# Overview
contains simple queries to verify the statistics of the synthetic dataset generated


In [None]:
import duckdb
import pandas as pd
import matplotlib.pyplot as plt
# Connect to your DuckDB database
dbpath = "/Users/omid/PycharmProjects/benchmarker_omid/_output/data/varchars_grp_size_zipf=1.0_nrows=20.0M_uniques=1000000_len=32/varchars-grp-size-1000000.db"
con = duckdb.connect(dbpath)

# Load your table
table_name = "varchars"

## Basic statistics
Number of rows and columns
Unique cardinality of each column
Min, Max, Avg length of each column 

In [None]:
num_rows = con.execute(f"SELECT COUNT(*) FROM {table_name}").fetchone()[0]
num_columns = len(con.execute(f"PRAGMA table_info('{table_name}')").fetchall())

print(f"Number of rows: {num_rows}")
print(f"Number of columns: {num_columns}\n")

columns = con.execute(f"PRAGMA table_info('{table_name}')").df()['name'].tolist()

col_stats = []

for col in columns:
    query = f"""
    SELECT 
        COUNT(DISTINCT {col}) AS unique_count,
        AVG(LENGTH({col})) AS avg_length,
        MIN(LENGTH({col})) AS min_length,
        MAX(LENGTH({col})) AS max_length
    FROM {table_name}
    WHERE {col} IS NOT NULL
    """
    result = con.execute(query).fetchdf()
    result.insert(0, "column", col)
    col_stats.append(result)

import pandas as pd
stats_df = pd.concat(col_stats, ignore_index=True)
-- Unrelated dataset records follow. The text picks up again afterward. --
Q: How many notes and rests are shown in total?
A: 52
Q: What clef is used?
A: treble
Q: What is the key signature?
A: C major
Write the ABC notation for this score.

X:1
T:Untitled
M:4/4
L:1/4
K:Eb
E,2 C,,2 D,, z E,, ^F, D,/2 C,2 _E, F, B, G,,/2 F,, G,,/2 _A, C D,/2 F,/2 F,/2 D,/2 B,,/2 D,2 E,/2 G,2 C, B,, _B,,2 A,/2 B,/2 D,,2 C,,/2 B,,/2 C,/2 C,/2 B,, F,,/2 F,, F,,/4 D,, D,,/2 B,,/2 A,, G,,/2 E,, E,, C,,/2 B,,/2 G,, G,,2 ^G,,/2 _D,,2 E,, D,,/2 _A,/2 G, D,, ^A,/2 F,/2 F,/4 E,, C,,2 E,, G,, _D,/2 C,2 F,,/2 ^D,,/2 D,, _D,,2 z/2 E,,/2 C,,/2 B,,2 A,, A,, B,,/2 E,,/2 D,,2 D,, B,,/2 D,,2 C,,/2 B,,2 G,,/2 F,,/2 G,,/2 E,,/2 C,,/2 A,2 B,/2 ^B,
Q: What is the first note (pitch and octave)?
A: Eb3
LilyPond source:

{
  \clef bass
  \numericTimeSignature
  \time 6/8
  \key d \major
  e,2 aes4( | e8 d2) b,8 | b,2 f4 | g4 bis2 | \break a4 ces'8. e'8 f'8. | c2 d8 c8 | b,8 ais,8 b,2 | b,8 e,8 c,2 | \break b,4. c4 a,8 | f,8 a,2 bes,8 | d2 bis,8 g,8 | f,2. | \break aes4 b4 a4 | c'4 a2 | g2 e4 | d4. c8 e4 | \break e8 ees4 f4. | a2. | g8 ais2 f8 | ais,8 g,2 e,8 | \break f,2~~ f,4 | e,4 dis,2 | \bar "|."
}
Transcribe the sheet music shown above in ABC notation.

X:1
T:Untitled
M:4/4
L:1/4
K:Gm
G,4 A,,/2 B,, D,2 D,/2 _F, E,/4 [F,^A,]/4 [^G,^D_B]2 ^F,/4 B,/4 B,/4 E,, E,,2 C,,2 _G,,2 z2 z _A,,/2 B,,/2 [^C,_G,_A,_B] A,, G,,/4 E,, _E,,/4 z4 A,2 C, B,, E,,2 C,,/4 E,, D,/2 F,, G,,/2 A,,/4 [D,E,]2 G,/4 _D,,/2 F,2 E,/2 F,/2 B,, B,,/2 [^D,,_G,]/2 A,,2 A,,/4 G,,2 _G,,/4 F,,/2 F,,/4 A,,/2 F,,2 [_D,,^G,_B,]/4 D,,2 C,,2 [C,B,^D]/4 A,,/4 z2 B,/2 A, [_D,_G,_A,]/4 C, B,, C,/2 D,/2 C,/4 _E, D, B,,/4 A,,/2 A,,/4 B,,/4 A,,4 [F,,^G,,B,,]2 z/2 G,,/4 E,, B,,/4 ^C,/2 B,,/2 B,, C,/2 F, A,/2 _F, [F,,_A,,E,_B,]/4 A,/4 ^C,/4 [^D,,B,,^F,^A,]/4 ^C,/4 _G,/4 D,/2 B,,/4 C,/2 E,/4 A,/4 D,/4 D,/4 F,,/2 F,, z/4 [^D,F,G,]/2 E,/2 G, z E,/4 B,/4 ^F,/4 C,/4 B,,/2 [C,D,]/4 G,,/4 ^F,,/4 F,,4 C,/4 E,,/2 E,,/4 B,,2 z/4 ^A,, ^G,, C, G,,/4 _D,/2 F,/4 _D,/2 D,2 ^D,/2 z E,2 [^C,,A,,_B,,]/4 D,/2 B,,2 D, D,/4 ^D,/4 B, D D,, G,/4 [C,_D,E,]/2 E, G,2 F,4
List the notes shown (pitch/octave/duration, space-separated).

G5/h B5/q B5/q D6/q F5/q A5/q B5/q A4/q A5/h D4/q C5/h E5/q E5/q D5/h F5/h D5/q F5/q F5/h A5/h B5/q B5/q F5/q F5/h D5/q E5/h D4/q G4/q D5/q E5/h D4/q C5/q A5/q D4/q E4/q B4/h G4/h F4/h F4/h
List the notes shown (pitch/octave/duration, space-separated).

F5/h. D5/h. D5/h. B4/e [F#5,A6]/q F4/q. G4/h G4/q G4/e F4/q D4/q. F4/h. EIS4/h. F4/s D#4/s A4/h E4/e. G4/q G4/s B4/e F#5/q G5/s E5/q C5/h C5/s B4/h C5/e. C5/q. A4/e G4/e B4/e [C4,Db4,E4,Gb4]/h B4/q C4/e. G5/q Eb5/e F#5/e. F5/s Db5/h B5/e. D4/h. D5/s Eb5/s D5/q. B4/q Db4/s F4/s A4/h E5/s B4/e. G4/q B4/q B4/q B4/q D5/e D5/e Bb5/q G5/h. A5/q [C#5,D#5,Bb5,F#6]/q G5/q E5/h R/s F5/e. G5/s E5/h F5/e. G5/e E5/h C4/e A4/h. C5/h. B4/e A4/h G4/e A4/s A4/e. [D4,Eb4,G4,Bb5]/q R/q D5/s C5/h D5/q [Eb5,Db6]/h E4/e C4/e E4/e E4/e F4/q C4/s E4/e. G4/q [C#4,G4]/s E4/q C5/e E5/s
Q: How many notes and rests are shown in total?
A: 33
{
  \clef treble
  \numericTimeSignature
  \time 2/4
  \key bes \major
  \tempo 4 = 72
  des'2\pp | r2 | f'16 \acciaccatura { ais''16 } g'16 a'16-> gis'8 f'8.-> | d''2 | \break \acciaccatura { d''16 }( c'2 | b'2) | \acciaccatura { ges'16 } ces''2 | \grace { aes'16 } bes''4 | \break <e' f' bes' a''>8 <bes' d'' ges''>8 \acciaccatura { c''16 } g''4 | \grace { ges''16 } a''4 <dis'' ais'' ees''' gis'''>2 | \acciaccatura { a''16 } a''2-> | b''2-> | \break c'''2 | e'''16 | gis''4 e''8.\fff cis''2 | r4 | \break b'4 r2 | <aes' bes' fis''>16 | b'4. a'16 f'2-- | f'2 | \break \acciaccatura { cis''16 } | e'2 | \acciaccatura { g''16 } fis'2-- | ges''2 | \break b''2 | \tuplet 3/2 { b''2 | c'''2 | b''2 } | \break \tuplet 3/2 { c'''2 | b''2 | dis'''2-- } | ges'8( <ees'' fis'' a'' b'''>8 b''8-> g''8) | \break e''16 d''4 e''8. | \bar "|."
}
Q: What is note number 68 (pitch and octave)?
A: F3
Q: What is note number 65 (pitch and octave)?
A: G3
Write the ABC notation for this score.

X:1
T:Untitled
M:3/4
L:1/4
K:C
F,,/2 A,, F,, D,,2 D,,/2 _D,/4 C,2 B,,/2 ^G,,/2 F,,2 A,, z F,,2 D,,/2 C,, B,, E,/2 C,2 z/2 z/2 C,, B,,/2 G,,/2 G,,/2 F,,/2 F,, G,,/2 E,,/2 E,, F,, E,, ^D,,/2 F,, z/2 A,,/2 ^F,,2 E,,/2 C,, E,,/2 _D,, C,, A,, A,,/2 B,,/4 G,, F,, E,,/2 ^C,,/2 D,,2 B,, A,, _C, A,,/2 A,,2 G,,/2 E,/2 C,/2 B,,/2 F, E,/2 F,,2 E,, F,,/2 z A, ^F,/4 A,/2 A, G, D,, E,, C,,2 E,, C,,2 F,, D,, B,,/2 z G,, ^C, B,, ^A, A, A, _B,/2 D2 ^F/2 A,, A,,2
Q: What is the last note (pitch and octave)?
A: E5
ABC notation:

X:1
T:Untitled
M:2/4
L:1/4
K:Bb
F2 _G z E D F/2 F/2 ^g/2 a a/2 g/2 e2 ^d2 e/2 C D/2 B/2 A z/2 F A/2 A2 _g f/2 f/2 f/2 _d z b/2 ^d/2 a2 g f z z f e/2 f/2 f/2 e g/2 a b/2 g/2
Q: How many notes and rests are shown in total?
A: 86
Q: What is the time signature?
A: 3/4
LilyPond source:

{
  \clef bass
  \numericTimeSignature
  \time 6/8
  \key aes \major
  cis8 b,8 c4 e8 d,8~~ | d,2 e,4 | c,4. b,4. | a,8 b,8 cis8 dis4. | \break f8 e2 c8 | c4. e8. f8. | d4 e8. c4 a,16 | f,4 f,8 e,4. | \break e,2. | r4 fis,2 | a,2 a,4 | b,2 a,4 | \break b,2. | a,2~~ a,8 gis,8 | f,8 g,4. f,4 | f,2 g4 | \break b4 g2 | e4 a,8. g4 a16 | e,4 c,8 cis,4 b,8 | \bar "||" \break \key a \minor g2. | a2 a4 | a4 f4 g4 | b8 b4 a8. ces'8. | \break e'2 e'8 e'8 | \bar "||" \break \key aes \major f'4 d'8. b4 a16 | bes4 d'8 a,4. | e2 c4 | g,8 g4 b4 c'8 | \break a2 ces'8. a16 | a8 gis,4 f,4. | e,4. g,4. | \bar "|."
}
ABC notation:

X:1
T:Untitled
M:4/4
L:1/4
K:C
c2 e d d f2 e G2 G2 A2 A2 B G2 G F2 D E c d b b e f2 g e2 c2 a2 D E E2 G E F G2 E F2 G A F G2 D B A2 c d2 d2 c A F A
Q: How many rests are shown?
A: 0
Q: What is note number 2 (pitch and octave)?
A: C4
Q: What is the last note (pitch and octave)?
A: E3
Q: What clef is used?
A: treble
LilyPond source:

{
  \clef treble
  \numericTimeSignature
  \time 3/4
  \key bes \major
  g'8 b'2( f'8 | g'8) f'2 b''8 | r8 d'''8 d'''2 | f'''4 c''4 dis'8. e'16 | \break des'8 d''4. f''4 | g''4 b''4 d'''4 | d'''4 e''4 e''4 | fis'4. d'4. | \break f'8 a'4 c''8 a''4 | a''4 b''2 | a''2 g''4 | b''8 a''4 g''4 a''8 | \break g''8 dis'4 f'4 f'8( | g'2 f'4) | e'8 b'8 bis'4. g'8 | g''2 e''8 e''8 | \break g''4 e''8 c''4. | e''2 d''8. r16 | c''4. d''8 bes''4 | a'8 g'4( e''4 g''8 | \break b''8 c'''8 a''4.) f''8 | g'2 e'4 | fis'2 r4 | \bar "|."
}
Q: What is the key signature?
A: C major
print("Column Statistics:\n", stats_df, "\n")

## Frequency distribution
Plots the top k most frequent values. 
It shows the distribution of values within the dataset

In [None]:
top_k = 10000

# Get all column names
columns = con.execute(f"PRAGMA table_info('{table_name}')").fetchdf()["name"].tolist()

# Loop over each column
for col in columns:
    print(f"Processing column: {col}")
    
    query = f"""
        SELECT {col},COUNT(*) AS freq
        FROM {table_name}
        WHERE {col} IS NOT NULL
        GROUP BY {col}
        ORDER BY freq DESC
        LIMIT {top_k}
    """

    freq_df = con.execute(query).fetchdf()

    if freq_df.empty:
        print(f"  Skipping column '{col}' (no non-null values)")
        continue

    # Plot rank-frequency curve
    plt.figure(figsize=(10, 4))
    plt.plot(range(1, len(freq_df) + 1), freq_df['freq'])
    plt.yscale('log')  # Helps with skewed frequencies
    plt.title(f"Top {top_k} Value Frequencies in '{col}'")
    plt.xlabel("Rank (1 = Most Frequent)")
    plt.ylabel("Frequency (log scale)")
    plt.tight_layout()
    plt.show()
    
    print(freq_df.head(100))
    freq_df
    

## Unique values within each column
Double checking that each column contain unique strings not available in other columns

In [None]:
columns = con.execute(f"PRAGMA table_info('{table_name}')").fetchdf()["name"].tolist()

# Safety: drop the temp table if it exists
con.execute("DROP TABLE IF EXISTS unique_strs")

# Create a new table for accumulating unique strings
con.execute("CREATE TABLE unique_strs (value TEXT)")

# Insert DISTINCT values from each column (skip NULLs)
for col in columns:
    print(f"Inserting unique values from column: {col}")
    con.execute(f"""
        INSERT INTO unique_strs
        SELECT DISTINCT {col}
        FROM {table_name}
        WHERE {col} IS NOT NULL
    """)

# Check for duplicates — values that appeared in more than one column
dup_query = """
    SELECT value, COUNT(*) AS occurrences
    FROM unique_strs
    GROUP BY value
    HAVING COUNT(*) > 1
    ORDER BY occurrences DESC
    LIMIT 100
"""

duplicates_df = con.execute(dup_query).fetchdf()
duplicates_df

## Compression Analysis 
The following script will analyze the number of segments related to each column, the different types of compression used for those columns. 

In [None]:
# Get the storage_info table
df = con.execute(f"select * from pragma_storage_info('{table_name}') where segment_type = 'VARCHAR'").fetch_df()


In [None]:
# Get the storage_info table
df = con.execute(f"select * from pragma_storage_info('{table_name}') where segment_type = 'VARCHAR'").fetch_df()

# Group and aggregate the data
summary_df = (
    df.groupby(['column_name', 'compression'], as_index=False)
    .agg(
        total_count=('count', 'sum'),
        num_segments=('count', 'count'),
        avg_count=('count', 'mean')
    )
    .sort_values(['column_name', 'total_count'], ascending=[True, False])
)

# Display the result
print(summary_df)